My teenage daughter just finished a week-long volleyball camp. Every night she came home exhausted and exhilarated. She set goals for conditioning, serving, bumping, blocking and diving. The days were long, intense and highly structured. In this case, a good system combined with great leadership accelerated her development in just a few days.
My other teenage daughter spent the week working. She works in an assisted living center. It’s not a glamorous job. She helps prepare the meals, feed the residents and clean up the area. She’s getting to know the residents by name. She’s learning about their needs and preferences. For example, one elderly woman insists on a straw with her drink. Another needs to be spoon fed. There’s no limelight shining on my daughter in the care center. There are no whistles, no cheering and no high-fives. But guess what? She comes home with the same sweet exhaustion and exhilaration, the same sense of solid accomplishment.

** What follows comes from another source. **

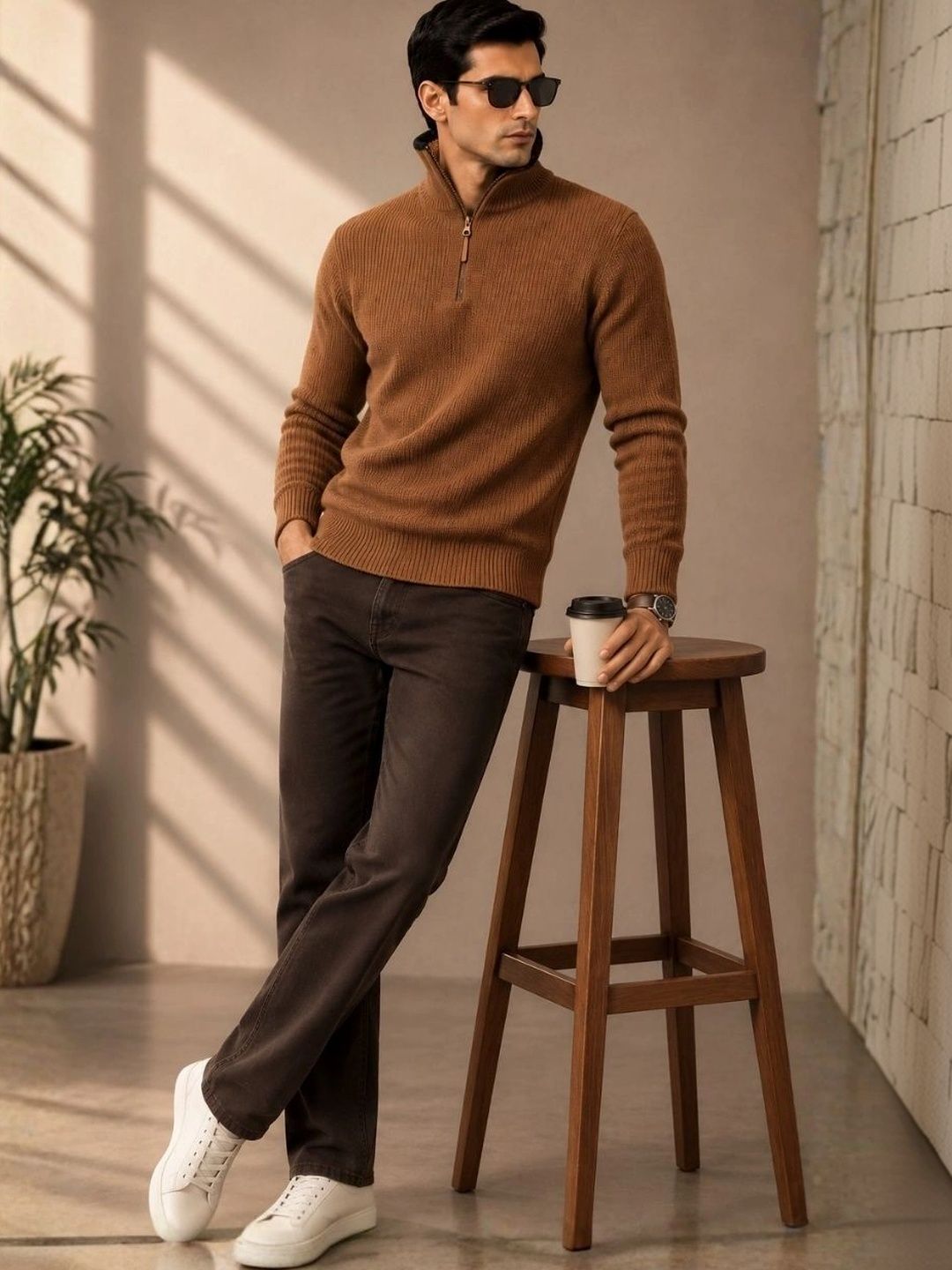 Roadster Men Ribbed Pullover-picture-48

When I see one of my children wearing a tired smile, I smile. Good things are happening. The same is true for all of us. When we set and achieve meaningful goals, we stretch, build capacity, gain confidence and learn what it means to contribute. When we find success, we want to do it again and we're inclined to fill our bucket list with meaningful goals.
We need to help our children do the same. It’s essential. If children don’t taste real success, they may look elsewhere for fulfillment. They may get the idea that pleasurable pursuits are the equivalent of solid achievement. That is of course what our inane popular culture teaches, and children tend to believe what they are taught. The truth is much of the pleasure we seek is a waste of time. It leads to mediocrity, untapped potential and even destructive addiction.
The challenge is made more difficult for teenagers when jobs are scarce and the family budget is tight. It means we have to try harder to help our children create a meaningful bucket list for the summer. The real goal is to help children believe in themselves. If our children go back to school and have amassed nothing but hours on the gaming, Internet and television log, it will be a lost summer. We have a vested interest in our children, and we know the mass media does not.
Remember that goals fire the imagination. They are powerful because they contain both intellectual and emotional content. So how do you help your children set goals for the summer? You have to strike the right balance. Here are some goal-setting guidelines:
- Easy is not exciting. Don’t aim too low.
- Motivate but don’t disable. The higher the goal, the higher the chance of failure. Don’t aim too high.
- Start with small, visible, measurable goals such as reading a book. Small successes are enormously powerful in building confidence. Now string them together.
- What kind of goal to have depends on your starting point and where you have been. If you have a string of failures behind you, or you simply need to break out of the inertia of inactivity, you need a small success to get some confidence and momentum back.
- Create excitement, anticipation and a little pressure — but not too much.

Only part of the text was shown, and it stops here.